‘Decisions are often made in a matter of days’
Brown University students can easily obtain an accommodation for a purported disability – and 18 percent have already done so, according to the campus newspaper.
Almost 1 in 5 students at the Ivy League university quality for accommodations in courses.
The Brown Daily Herald gathered the results through a spring 2026 poll, which included 1,275 students, or about 15 percent of the undergraduate population.
The student newspaper reported:
The percentage of students who reported having a disability rose more than 50% over the past decade across a number of schools, the New York Times reported. At certain schools, like Stanford, 38% of students reported having a disability, though not all students who reported having a disability receive accommodations.
The amount of students at Brown requesting accommodations through SAS “continues to grow,” Interim Director of Student Accessibility Services Allen Kropp wrote in an email to The Herald[.]
One reason might be that it is incredibly easy to get an accommodation.
“The process for obtaining accommodations is fairly straightforward,” Kropp told the student nespaper. “We work to make the process as easy as possible, and accommodation decisions are often made in a matter of days.”
Other students backed up this assertion.
“The process of getting accommodations was incredibly easy,” one student told the Daily Herald. “I had the doctor’s note already, and then I scheduled my appointment and they were incredibly helpful, quick and understanding.”
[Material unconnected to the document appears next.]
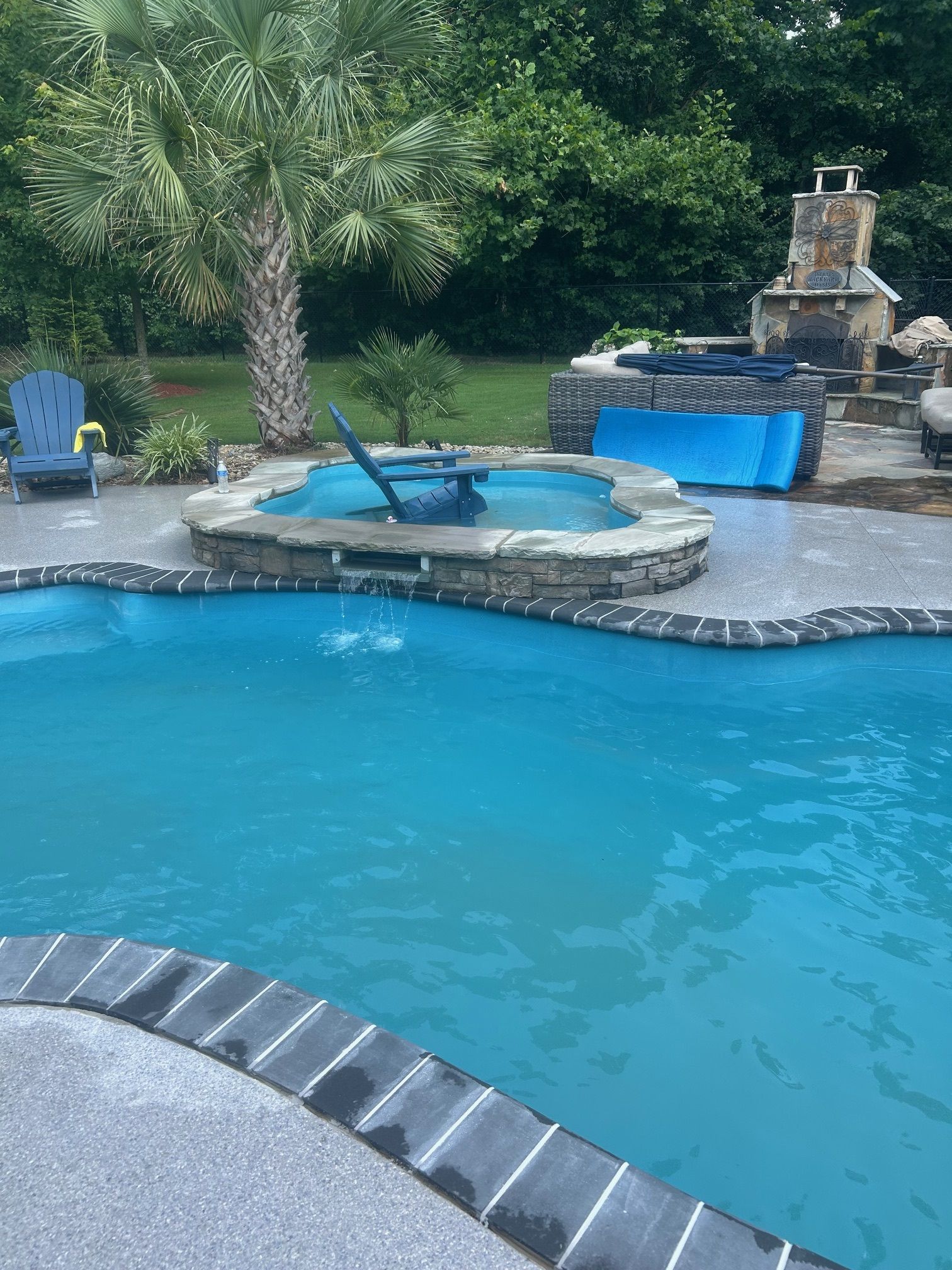 A large swimming pool with a hot tub in the backyard.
However, some questioned the process.
“A lot of my friends have them, so I just kind of thought more people would,” student Sophia Odato said. “I’ve heard of some people swindling the system to kind of get what they want, but I’ve also heard of people who actually need them.”
Others said they knew of students who were denied requests for accommodations after “gaming the system.”
The use, and possible abuse, of disability accommodations has garnered international and national attention.
A report in the England-based Times reported on how “nearly 40% of Stanford undergraduate students claim they’re disabled.”
As The College Fix previously reported:
Such accommodations are so common and so easy to obtain – nearly 40 percent do — that not requesting one from the elite private university puts students at a disadvantage, student Elsa Johnson wrote.
“… almost no one talks about the system with shame. Rather, we openly discuss, strategise and even joke about it. At a university of savvy optimisers, the feeling is that if you aren’t getting accommodations, you haven’t tried hard enough,” she wrote. “… if you’re not gaming it, you’re putting yourself at a disadvantage.”
More than half of disability accommodations at the University of California Berkeley are for “psychological/emotional” reasons, The College Fix reported in January.